A cash advance is a short-term cash loan intended to cover an unexpected expense or emergency. Cash advances tend to come with high-interest rates and fees.
There are 4 main types of cash advances – credit card cash advances, payday loans, installment loans, and merchant cash advances. All of these options can deliver cash in a hurry, but each works a little differently. Consider the advantages and disadvantages of each before deciding which option is right for you.
The most common type of cash advance is a credit card cash advance. When you take a credit card cash advance, you are borrowing money from the available balance on your credit card. It works in a similar way as withdrawing cash from the ATM with your debit card, except the money comes from your credit limit rather than from your bank account balance. This means you will have to pay it back with interest.
Unlike using your credit card to purchase goods or services, credit card cash advances start incurring interest on the withdrawn amount as soon as you take the money out. Also, be aware that most credit card companies won’t allow you to take your entire credit line in the form of a cash advance. For most consumers, cash advances are capped at a few hundred dollars.
Credit card cash advance transactions can be performed by using your PIN at an ATM or by using a convenience check mailed to you by your credit card issuer.
What Is a Payday Loan?
Payday loans are intended to be short-term loans, in which the borrower pays the lender back on their next payday; unless the borrower wishes to extend the loan – in that case, additional interest is charged. Payday loans typically range from $50 to $1,000, but despite the small amount of money borrowed, lenders often charge insanely high-interest rates, sometimes up to 400% .

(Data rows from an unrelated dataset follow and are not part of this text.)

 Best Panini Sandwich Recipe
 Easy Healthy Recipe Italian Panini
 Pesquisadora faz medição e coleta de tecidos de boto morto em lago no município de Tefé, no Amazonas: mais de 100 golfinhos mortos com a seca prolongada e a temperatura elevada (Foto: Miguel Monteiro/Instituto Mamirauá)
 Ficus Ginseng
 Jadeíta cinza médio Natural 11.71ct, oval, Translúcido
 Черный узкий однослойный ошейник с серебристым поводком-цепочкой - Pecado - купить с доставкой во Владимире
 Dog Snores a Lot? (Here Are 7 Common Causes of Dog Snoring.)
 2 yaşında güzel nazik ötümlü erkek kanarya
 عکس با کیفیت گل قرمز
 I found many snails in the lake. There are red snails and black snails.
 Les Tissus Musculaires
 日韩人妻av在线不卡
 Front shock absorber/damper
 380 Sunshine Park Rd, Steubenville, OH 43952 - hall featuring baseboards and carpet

Heed caution when considering a payday loan. Getting a payday loan can keep you in a cycle of debt, and payday loans come with hefty fees and interest rates. If you can’t repay the loan by the allotted deadline, you can “roll over” the loan, but the already steep price to borrow grows even higher. Consider some payday loan alternatives instead.
What Is an Installment Loan?
As the name suggests, installment loans are a type of cash advance in which the amount borrowed is paid back through a number of scheduled repayments over an agreed upon time. Common installment loans are auto loans, student loans, and mortgage loans. For each installment payment, the borrower repays a portion of the amount borrowed and also pays interest. Typically, installment loans carry lower interest rates and more flexible terms than other loan types.